The problem:
Some lines in the listing hold the word "Full". Return each of them.

Data for the task:

━━━

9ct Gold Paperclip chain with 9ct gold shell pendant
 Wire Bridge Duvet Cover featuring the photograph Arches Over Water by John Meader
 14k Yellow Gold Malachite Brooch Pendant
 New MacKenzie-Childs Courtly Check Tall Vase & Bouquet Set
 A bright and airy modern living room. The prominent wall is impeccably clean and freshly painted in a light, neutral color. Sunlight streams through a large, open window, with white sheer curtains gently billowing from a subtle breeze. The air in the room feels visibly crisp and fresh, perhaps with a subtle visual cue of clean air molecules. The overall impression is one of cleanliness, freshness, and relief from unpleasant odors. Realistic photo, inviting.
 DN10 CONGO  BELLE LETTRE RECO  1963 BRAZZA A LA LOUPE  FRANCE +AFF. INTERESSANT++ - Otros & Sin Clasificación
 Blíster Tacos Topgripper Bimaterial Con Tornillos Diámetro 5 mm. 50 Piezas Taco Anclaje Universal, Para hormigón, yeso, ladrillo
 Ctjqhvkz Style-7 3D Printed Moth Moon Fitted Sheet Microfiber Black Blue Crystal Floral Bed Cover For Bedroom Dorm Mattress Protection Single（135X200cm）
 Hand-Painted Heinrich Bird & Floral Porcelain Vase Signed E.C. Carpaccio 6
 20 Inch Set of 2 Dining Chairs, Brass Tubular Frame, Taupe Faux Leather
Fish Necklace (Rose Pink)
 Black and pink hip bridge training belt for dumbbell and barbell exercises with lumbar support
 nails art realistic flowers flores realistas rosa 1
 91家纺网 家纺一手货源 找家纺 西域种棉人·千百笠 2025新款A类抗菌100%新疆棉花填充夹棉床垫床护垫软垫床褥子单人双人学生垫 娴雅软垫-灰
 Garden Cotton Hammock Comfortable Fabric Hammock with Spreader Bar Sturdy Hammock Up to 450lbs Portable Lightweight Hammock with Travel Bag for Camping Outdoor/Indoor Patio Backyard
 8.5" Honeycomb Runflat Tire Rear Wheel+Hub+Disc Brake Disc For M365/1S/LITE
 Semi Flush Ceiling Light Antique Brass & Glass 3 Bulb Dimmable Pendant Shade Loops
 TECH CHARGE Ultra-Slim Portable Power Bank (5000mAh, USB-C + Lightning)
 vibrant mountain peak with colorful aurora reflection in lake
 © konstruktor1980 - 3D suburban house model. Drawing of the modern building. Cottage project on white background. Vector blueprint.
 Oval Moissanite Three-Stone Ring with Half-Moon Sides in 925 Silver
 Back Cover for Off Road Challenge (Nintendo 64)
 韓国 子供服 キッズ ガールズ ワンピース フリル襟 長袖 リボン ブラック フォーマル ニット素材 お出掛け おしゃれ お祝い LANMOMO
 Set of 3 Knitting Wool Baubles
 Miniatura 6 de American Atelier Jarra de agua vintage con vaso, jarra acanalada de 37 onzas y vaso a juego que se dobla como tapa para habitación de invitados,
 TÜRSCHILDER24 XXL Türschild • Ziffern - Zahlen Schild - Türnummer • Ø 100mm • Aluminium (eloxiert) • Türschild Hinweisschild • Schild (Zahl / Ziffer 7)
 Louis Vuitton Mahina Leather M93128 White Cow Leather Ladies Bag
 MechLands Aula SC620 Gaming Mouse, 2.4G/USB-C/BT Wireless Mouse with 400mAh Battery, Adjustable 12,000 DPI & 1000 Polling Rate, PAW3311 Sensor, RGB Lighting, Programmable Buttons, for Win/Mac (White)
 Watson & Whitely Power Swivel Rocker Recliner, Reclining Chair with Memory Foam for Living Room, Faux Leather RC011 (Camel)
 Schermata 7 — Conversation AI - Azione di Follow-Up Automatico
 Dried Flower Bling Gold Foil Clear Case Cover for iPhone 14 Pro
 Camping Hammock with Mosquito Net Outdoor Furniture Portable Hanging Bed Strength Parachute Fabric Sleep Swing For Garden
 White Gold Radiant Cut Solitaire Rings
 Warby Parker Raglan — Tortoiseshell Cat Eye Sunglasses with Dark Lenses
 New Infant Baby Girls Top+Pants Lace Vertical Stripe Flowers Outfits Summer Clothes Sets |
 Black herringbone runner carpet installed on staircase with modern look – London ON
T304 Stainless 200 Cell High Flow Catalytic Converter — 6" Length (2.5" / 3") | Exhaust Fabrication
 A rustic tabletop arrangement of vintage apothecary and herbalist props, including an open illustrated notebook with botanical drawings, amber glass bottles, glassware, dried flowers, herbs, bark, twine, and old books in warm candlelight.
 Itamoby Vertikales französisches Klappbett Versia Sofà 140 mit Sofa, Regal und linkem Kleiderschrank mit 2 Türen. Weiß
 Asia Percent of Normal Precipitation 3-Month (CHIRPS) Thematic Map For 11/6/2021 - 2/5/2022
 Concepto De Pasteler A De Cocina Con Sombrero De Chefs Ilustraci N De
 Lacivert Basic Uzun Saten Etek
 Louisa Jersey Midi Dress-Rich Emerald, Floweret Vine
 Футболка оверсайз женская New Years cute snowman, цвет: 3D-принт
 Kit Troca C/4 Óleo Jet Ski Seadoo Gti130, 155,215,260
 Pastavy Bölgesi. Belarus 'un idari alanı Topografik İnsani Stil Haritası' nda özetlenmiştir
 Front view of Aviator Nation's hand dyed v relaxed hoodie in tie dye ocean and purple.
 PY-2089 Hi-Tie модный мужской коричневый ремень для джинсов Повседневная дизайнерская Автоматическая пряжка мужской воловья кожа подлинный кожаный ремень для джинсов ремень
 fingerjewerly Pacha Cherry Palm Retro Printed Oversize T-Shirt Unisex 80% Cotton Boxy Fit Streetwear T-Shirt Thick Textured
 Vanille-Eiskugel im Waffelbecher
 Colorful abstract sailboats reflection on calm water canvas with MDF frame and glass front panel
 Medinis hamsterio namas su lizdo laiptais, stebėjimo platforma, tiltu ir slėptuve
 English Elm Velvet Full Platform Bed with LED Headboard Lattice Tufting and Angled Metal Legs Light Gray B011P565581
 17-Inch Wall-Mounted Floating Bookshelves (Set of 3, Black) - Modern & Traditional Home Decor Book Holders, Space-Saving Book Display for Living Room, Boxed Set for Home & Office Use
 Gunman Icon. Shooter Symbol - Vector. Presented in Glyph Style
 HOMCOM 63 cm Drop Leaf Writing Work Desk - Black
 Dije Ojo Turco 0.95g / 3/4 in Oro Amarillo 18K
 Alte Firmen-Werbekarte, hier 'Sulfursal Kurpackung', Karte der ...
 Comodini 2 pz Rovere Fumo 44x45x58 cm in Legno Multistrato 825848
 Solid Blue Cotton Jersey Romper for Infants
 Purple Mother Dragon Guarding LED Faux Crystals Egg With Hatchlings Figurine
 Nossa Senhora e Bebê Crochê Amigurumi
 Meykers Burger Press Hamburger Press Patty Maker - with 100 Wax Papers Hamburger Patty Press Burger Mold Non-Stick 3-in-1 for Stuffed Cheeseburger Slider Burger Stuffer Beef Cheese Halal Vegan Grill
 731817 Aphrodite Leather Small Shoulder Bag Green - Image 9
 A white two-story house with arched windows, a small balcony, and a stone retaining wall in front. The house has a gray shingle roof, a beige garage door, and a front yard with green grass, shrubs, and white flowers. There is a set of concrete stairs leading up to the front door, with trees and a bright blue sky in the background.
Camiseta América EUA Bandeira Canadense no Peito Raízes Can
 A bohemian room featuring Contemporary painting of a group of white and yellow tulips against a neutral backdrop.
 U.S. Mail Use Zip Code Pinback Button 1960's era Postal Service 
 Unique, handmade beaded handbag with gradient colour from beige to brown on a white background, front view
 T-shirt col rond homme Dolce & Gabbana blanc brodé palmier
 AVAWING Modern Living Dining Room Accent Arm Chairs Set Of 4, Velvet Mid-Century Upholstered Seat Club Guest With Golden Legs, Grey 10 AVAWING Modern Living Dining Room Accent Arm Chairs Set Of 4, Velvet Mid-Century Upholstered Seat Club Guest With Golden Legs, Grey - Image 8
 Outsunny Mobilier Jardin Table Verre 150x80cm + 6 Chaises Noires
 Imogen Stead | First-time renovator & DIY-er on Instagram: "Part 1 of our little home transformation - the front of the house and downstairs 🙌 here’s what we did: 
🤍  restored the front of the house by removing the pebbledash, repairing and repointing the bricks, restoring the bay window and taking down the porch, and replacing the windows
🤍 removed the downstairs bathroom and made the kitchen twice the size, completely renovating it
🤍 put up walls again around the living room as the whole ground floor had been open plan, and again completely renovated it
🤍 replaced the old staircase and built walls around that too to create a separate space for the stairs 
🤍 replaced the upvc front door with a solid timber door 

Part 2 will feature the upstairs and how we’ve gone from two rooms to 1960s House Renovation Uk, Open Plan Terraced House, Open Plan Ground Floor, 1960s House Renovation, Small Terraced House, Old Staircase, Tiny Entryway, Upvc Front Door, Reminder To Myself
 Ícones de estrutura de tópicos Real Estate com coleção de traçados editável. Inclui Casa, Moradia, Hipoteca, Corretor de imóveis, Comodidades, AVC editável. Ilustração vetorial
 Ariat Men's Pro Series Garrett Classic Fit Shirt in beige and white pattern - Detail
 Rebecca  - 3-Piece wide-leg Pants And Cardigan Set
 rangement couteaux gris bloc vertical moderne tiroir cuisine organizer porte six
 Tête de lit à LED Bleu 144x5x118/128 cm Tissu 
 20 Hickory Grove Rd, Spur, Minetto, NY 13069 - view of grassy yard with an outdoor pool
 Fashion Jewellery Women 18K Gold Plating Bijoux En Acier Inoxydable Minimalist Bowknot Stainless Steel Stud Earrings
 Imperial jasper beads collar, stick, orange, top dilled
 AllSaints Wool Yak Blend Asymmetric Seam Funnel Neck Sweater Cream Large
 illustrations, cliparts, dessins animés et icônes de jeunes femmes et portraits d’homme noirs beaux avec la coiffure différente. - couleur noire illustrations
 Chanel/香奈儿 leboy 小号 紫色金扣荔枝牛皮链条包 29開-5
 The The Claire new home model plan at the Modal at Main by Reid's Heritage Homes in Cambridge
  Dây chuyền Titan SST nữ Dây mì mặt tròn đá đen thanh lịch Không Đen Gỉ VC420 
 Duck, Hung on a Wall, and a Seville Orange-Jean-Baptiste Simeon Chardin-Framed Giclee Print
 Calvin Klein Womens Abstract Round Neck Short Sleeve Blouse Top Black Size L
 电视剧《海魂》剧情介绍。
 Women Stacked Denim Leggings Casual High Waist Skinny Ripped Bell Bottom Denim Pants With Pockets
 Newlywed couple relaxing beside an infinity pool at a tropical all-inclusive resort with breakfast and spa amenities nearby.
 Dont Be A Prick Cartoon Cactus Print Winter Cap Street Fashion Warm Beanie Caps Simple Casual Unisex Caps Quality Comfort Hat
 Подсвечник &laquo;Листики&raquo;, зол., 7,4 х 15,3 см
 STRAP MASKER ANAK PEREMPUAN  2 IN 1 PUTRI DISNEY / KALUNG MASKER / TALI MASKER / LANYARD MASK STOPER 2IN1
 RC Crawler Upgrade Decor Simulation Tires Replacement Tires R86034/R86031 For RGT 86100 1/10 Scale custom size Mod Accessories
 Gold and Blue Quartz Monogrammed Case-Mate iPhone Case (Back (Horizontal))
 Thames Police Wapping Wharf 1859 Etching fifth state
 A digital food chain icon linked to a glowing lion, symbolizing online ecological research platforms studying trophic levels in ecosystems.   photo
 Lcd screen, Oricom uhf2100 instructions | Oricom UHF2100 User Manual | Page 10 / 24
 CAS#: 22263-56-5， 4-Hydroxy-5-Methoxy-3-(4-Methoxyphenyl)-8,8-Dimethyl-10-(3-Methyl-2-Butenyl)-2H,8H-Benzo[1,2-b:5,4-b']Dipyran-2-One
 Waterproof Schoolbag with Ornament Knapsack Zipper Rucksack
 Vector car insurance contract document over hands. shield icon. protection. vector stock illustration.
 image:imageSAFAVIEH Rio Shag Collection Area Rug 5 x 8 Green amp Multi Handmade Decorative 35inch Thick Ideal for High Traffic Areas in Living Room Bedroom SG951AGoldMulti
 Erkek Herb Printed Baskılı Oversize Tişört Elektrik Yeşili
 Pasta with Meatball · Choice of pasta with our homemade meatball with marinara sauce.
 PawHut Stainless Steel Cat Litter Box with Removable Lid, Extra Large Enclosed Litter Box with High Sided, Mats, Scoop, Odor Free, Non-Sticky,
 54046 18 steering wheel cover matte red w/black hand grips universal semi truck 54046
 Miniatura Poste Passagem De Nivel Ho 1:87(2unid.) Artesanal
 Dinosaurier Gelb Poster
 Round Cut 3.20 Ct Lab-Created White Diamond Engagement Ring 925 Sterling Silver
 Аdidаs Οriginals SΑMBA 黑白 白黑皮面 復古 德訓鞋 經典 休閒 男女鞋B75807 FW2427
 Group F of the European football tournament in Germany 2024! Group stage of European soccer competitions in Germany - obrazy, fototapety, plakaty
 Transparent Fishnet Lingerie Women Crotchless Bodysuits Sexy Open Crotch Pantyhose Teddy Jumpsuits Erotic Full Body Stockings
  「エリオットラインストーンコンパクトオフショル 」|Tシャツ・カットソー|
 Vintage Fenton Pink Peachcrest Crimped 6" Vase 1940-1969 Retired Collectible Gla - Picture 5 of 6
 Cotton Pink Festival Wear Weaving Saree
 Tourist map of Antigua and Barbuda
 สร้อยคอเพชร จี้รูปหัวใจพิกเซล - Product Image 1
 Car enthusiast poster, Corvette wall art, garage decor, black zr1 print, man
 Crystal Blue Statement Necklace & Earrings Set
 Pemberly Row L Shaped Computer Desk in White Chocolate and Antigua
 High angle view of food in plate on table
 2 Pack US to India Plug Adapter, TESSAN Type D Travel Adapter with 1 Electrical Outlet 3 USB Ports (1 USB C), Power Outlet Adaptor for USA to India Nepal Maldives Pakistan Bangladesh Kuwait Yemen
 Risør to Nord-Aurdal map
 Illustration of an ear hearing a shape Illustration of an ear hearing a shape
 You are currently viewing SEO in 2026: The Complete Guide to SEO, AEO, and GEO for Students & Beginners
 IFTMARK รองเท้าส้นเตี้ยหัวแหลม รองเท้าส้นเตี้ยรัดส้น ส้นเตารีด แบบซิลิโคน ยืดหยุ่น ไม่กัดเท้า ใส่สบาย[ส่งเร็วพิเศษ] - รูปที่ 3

━━━

Reply:
 English Elm Velvet Full Platform Bed with LED Headboard Lattice Tufting and Angled Metal Legs Light Gray B011P565581
 Transparent Fishnet Lingerie Women Crotchless Bodysuits Sexy Open Crotch Pantyhose Teddy Jumpsuits Erotic Full Body Stockings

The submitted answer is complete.